═════ Exercise material ═════

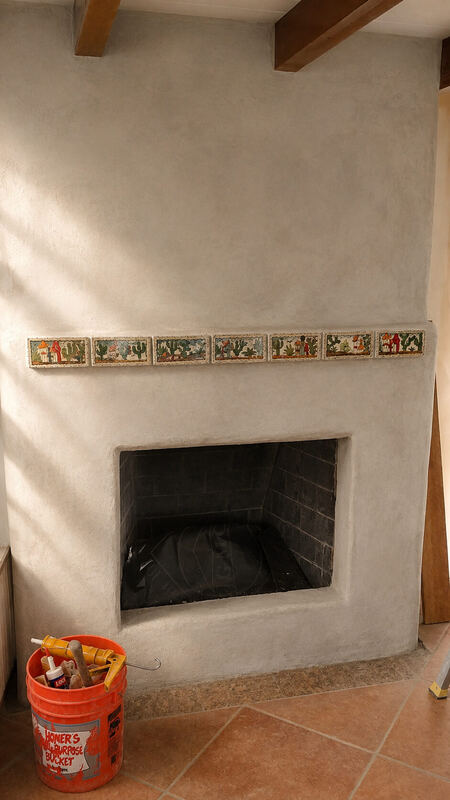 Freshly plastered, frieze set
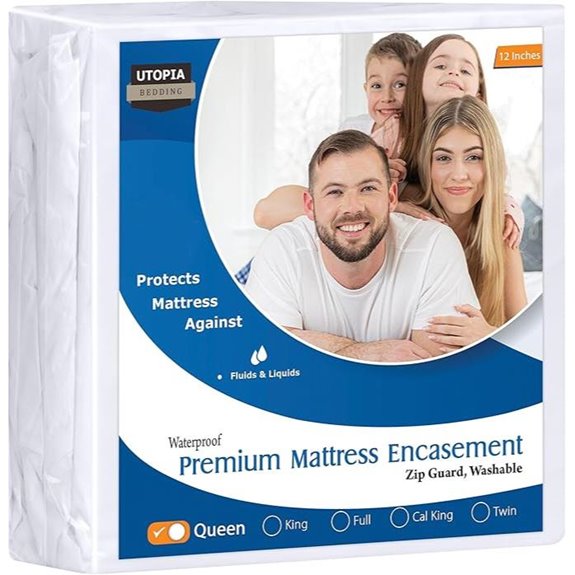 Utopia Waterproof Queen Mattress Cover with Zipper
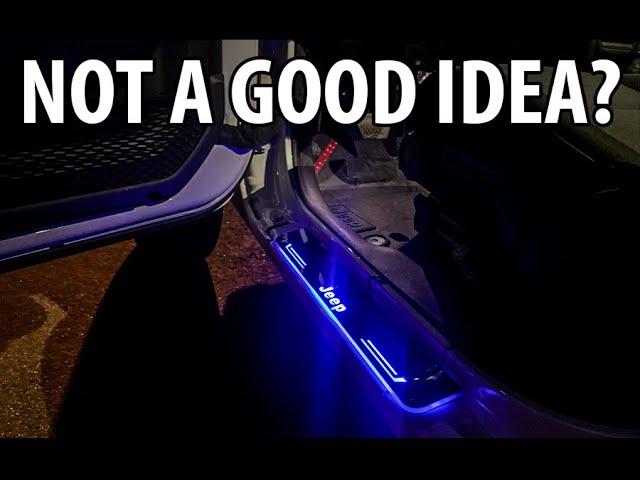 How To Install LED Door Sills from BLOOMCAR? [Easy-Self-Installation] 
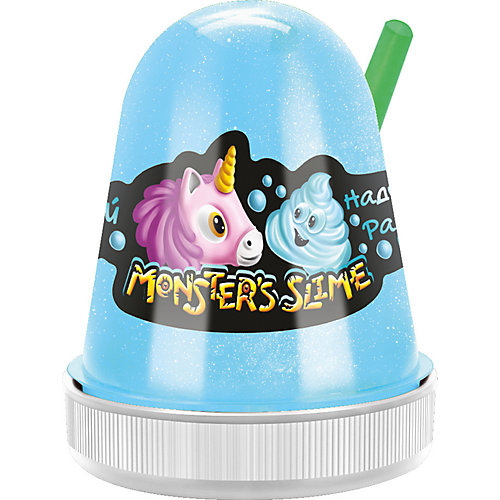 Слайм Monster Slime Нежный Зефир голубой, 130 гр от KiKi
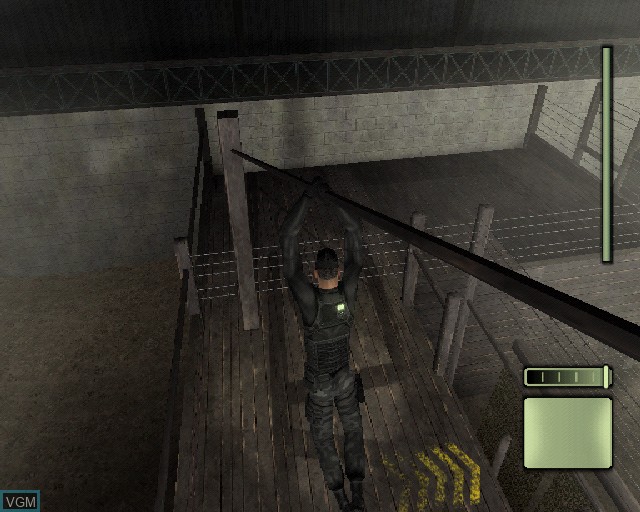 In-game screen of the game Tom Clancy's Splinter Cell Trilogy on Sony Playstation 2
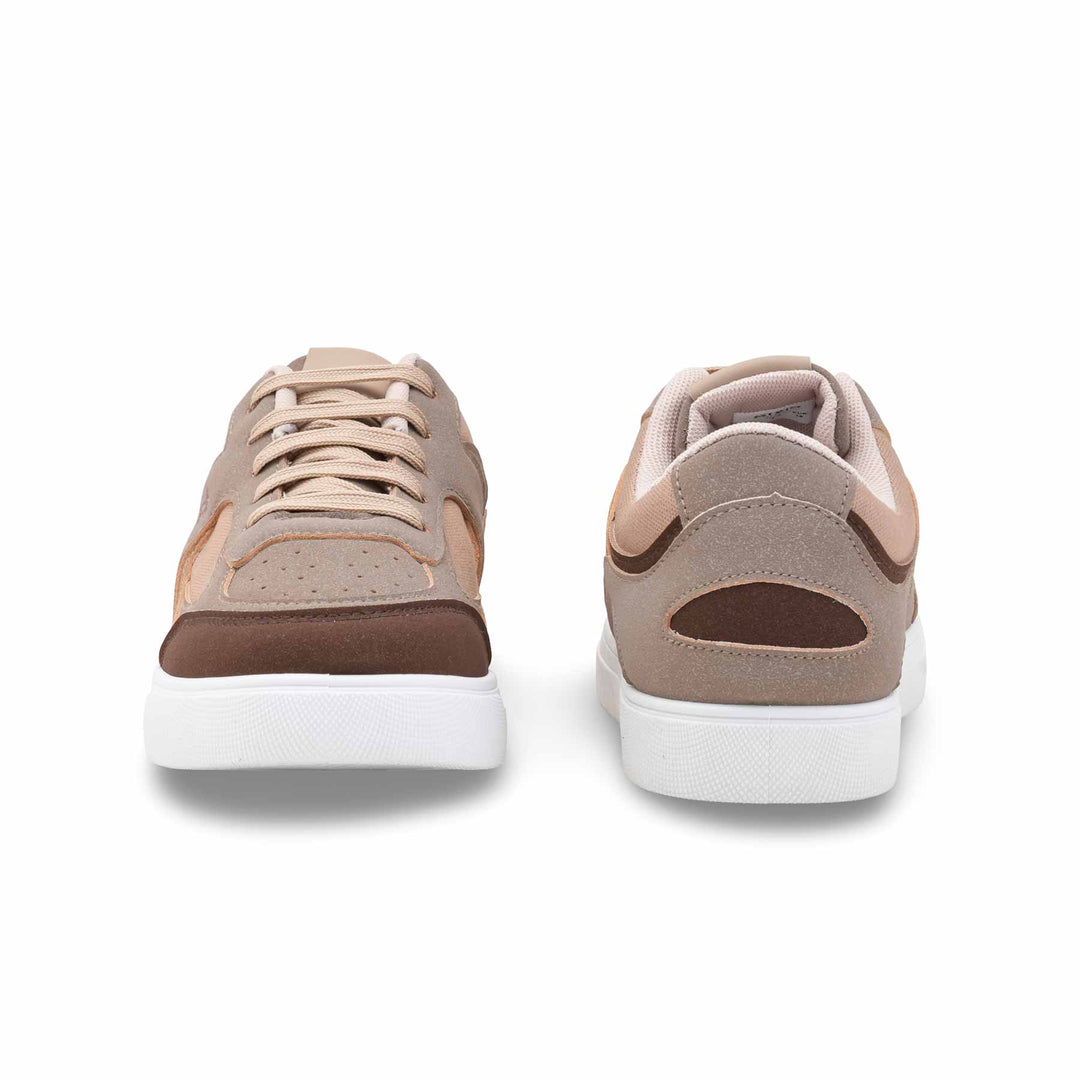 Beige Casual Sneaker for Ladies AT7476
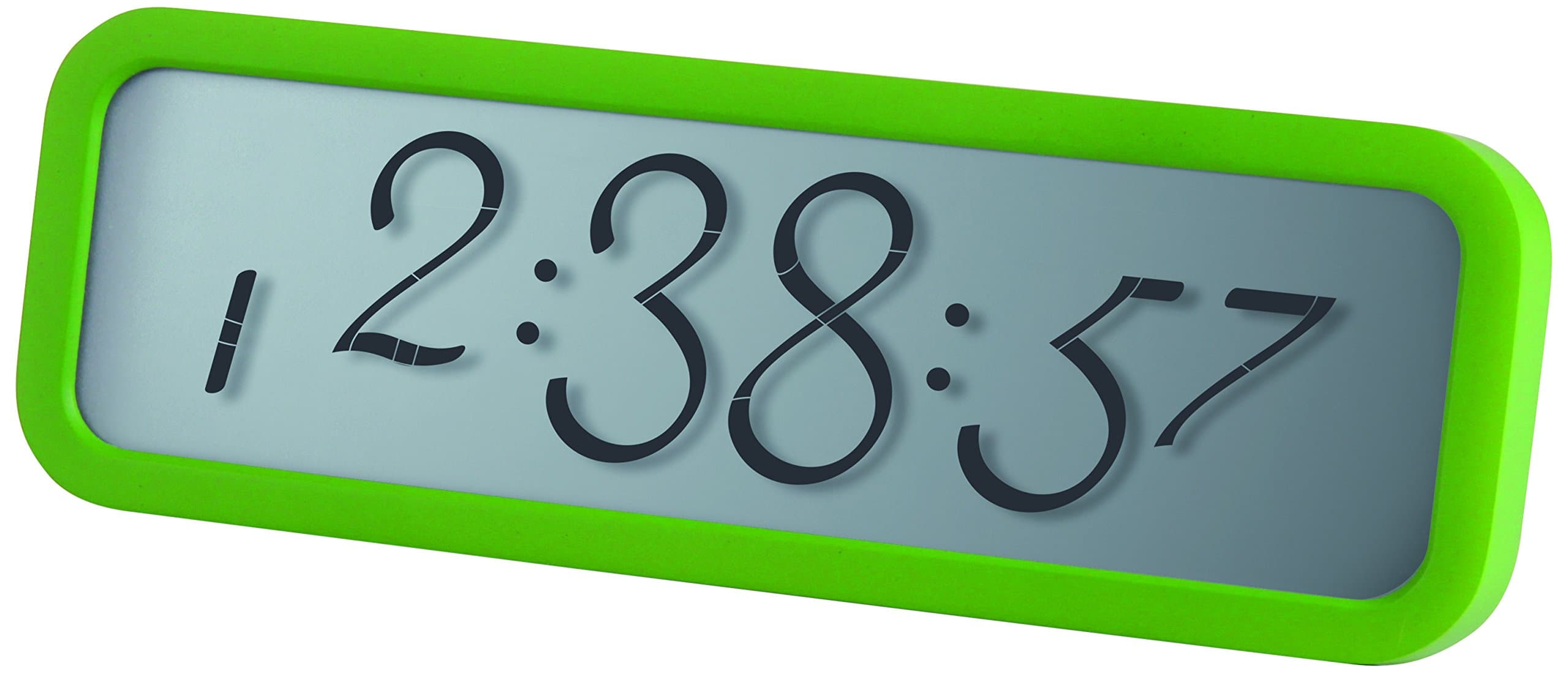 LexonScript S LCD Alarm Clock-Green, 16.3 x 5.9 x 2.2 cm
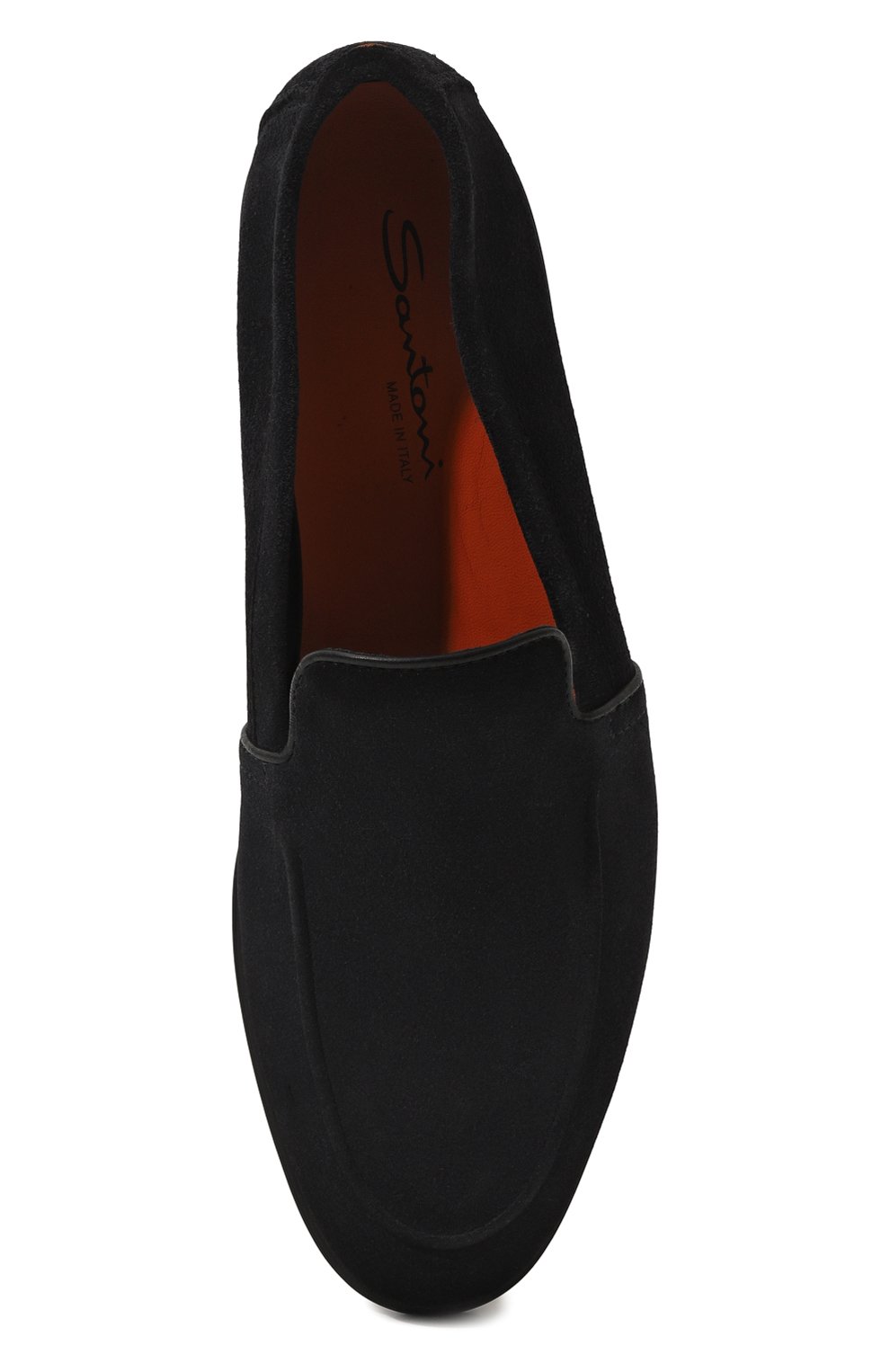 Замшевые лоферы malibu SANTONI темно-синего цвета по цене 61550 руб., арт. MGAG1882900TSRVR, фото 6 Замшевые лоферы malibu SANTONI, арт. MGAG1882900TSRVR, фото 6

═════

What is needed:
Each line above gets copied exactly; leave the pictures out.

Result below:
 Freshly plastered, frieze set
 Utopia Waterproof Queen Mattress Cover with Zipper
 How To Install LED Door Sills from BLOOMCAR? [Easy-Self-Installation] 
 Слайм Monster Slime Нежный Зефир голубой, 130 гр от KiKi
 In-game screen of the game Tom Clancy's Splinter Cell Trilogy on Sony Playstation 2
 Beige Casual Sneaker for Ladies AT7476
 LexonScript S LCD Alarm Clock-Green, 16.3 x 5.9 x 2.2 cm
 Замшевые лоферы malibu SANTONI темно-синего цвета по цене 61550 руб., арт. MGAG1882900TSRVR, фото 6 Замшевые лоферы malibu SANTONI, арт. MGAG1882900TSRVR, фото 6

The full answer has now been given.